Right after bonus season is the correct answer. :D
What is this mystical "bonus season" you all keep talking about? I've never had a bonus in my life, and I never will.
For federal early retirees, the usual "last day of the month" rule doesn't apply because we're not eligible for a pension yet anyway. But federal leave payouts are based on your base rate in effect at the time you retire, so retiring January 1 is better than December 31 because it gives you the new (presumably ~1% higher) base pay rate, assuming Congress actually approves one.
Past January 1, it's a good idea to work long enough to show at least $5500 of earned income, so that you can max your Roth IRA for the year.
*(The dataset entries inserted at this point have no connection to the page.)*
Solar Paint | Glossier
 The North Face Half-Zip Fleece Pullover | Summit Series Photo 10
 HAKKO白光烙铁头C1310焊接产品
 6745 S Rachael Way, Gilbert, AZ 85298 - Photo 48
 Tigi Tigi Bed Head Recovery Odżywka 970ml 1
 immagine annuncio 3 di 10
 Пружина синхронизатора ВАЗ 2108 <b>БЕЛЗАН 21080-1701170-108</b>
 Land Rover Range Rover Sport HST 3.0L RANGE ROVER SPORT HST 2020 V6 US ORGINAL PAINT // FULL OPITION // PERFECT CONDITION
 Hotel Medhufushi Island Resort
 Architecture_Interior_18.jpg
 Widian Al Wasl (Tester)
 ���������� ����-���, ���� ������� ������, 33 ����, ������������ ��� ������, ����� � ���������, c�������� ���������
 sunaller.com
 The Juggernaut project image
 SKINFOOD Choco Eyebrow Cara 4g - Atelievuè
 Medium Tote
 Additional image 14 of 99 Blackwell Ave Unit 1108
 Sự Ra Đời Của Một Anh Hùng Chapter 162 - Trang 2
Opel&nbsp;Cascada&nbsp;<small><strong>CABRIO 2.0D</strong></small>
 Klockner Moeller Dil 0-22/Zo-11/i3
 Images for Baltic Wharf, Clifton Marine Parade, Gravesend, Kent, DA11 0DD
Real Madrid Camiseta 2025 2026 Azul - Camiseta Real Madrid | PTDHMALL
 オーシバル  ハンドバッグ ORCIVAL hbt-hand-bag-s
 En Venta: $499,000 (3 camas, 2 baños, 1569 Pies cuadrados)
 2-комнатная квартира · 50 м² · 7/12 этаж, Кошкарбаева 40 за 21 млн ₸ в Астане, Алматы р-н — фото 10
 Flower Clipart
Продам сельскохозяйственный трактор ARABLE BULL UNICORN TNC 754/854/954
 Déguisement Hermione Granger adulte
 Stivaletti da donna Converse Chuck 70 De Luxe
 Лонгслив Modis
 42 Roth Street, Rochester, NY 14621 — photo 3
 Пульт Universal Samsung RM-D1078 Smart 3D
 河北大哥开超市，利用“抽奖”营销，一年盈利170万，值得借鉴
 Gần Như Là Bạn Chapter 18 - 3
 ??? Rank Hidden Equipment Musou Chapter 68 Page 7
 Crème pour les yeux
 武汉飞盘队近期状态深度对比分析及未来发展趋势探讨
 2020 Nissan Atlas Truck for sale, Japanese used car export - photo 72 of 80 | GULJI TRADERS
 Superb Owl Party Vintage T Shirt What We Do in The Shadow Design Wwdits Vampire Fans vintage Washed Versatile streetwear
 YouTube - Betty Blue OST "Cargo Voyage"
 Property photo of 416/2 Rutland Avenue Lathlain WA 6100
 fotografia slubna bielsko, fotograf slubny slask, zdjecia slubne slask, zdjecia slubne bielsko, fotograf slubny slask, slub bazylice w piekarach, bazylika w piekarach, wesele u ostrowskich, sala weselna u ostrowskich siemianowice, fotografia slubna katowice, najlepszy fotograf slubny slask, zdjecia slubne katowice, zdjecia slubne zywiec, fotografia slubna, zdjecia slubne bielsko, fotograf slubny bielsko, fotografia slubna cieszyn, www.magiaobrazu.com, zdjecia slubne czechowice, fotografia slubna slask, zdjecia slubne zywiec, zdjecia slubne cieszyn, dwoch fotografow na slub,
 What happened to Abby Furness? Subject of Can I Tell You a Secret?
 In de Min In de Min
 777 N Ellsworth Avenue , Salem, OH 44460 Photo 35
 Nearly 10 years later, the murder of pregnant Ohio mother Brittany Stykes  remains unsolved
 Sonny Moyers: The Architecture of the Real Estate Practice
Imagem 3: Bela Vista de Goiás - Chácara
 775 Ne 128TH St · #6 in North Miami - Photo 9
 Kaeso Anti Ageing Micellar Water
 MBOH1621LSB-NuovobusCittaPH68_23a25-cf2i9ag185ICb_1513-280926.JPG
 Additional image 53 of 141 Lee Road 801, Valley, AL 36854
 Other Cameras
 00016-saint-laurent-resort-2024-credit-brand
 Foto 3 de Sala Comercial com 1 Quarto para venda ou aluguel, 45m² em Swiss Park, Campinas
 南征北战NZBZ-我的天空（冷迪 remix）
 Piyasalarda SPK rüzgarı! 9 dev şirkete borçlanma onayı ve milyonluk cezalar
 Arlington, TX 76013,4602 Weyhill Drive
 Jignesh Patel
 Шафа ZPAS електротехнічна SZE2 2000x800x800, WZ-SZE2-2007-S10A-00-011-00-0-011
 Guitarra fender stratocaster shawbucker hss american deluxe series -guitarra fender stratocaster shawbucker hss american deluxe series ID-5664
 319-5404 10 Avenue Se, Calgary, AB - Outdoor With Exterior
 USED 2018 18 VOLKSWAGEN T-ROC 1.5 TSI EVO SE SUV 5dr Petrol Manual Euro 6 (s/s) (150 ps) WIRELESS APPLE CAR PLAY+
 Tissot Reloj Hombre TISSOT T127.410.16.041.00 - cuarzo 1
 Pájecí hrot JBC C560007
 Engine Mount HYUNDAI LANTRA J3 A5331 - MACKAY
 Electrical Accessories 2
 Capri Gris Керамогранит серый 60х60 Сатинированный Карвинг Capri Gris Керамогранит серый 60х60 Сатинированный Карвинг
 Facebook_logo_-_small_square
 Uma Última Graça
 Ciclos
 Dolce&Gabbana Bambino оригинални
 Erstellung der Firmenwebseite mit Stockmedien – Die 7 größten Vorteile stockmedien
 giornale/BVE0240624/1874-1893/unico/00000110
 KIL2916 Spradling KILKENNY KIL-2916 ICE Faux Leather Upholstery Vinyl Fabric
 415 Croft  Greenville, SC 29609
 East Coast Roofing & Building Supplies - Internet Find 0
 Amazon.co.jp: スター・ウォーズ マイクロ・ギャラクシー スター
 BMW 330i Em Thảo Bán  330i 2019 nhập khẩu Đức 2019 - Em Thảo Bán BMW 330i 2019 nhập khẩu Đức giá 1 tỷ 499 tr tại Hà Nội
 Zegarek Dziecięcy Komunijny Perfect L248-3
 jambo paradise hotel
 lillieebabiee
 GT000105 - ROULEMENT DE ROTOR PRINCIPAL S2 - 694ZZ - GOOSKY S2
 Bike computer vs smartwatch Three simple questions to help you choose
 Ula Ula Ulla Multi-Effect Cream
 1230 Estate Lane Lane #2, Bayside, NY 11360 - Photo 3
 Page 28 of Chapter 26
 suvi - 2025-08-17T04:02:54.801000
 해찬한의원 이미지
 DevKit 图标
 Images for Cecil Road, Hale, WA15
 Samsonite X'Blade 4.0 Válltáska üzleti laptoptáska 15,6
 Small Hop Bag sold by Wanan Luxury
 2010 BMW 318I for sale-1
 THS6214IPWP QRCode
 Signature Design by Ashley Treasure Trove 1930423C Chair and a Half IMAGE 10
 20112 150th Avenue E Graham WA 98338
Past that, it makes sense to max out your 401k match. Federal TSP matches are up to 5% per paycheck, not based on your annual salary, so it doesn't help you as much to frontload them as much as it does at some private 401k plans, where you could presumably work just long enough to make the full 18k annual contribution. The problem here is that depending on your income level and family size, you may not have any taxable income anyway, if you only work for a few months of the year to max your 401k and Roth. In which case the 401k/TSP is only nominally better than your taxable investment account.
Beyond that, consider your SS contributions. Your SS payment is based on your 30 highest earning years, so you derive some benefit from working long enough to displace one of your lowest earning years. For most of us that's easy, since we're going to have a bunch of zeroes in our 30 year work history, having worked for less than 30 years.
Generally speaking, retiring at the end of a pay period will earn you whatever sick and annual leave were awarded for that pay period. It's only hours, but together might get you an extra day of pay. Similarly, count your paid holidays. If you get a free day off next week anyway, you might as well work four days and get paid for five more.
Figure out how your pension is calculated. Mine is based on months of service (with surplus days totalling less than one month discarded), so there's a tiny benefit to working an integer number of months in my entire career.
If you have kids (I do), and are planning on using the FAFSA simplifed needs test, things get significantly more complicated depending on the timing of their base year. Sometimes, it makes sense to deliberately limit your income in the year you retire, to qualify for additional aid.
If you have rental properties you're planning to sell (I do), then the timing of the sale matters for purposes of capital gains adding to your earned income. It would suck to go through all of the above math to maximize benefits, then crush it all because you suddenly get hit with $50k of capital gains from the sale of a property.
Do you want to apply for the EITC? If your dividend income is low enough, you can incur a negative tax rate by earning a few thousand dollars during the calendar year and qualifying for the EITC refund. It's potentially worth over $6k in free money.
How are your annual leave and sick leave credited? Do you get paid for them? Federal early retirees get royally shafted on this one, so it definitely makes sense to spend your leave balances down to zero by any means possible before you retire. Like if you've been postponing an elective surgery, the time to do it is before you retire so that you can bank a month or more of sick leave recovery time. Likewise for annual leave, take a series of long vacation is you have to, even if that means quitting on the day you get back from one. Don't pretend your employer cares about you by letting guilt convince you to not claim the benefits in your employment contract. They would fire you on the spot if they thought it financially prudent, so feel free to quit on the spot if you're really truly ready.
Do you get LWOP? Leave Without Pay is an option for some people, and in the case of federal employees LWOP of less than six months does not impact your summation of creditable service. Which means you can work six months and a day in a calendar year, take LWOP for the rest, and still have the entire year credited towards your pension calculation. It only gets you an extra half a percent of your high-3 (or high-5 if Republicans get their way), but it's not nothing.
For most of us, who are working professionals with good incomes, all of these details are effectively rounding errors. I'd be much better served to work a single extra month than to get all of the above exactly optimized. The extra income could go 100% to savings, generating returns indefinitely. And that's always been the problem with early retirees and the OMY problem. You start out crawling towards your goal, and then the journey accelerates continuously until you eventually rocket past your goal amount at warp speed. At that point, even slight delays on pulling the ER trigger are worth years and years of your earliest efforts.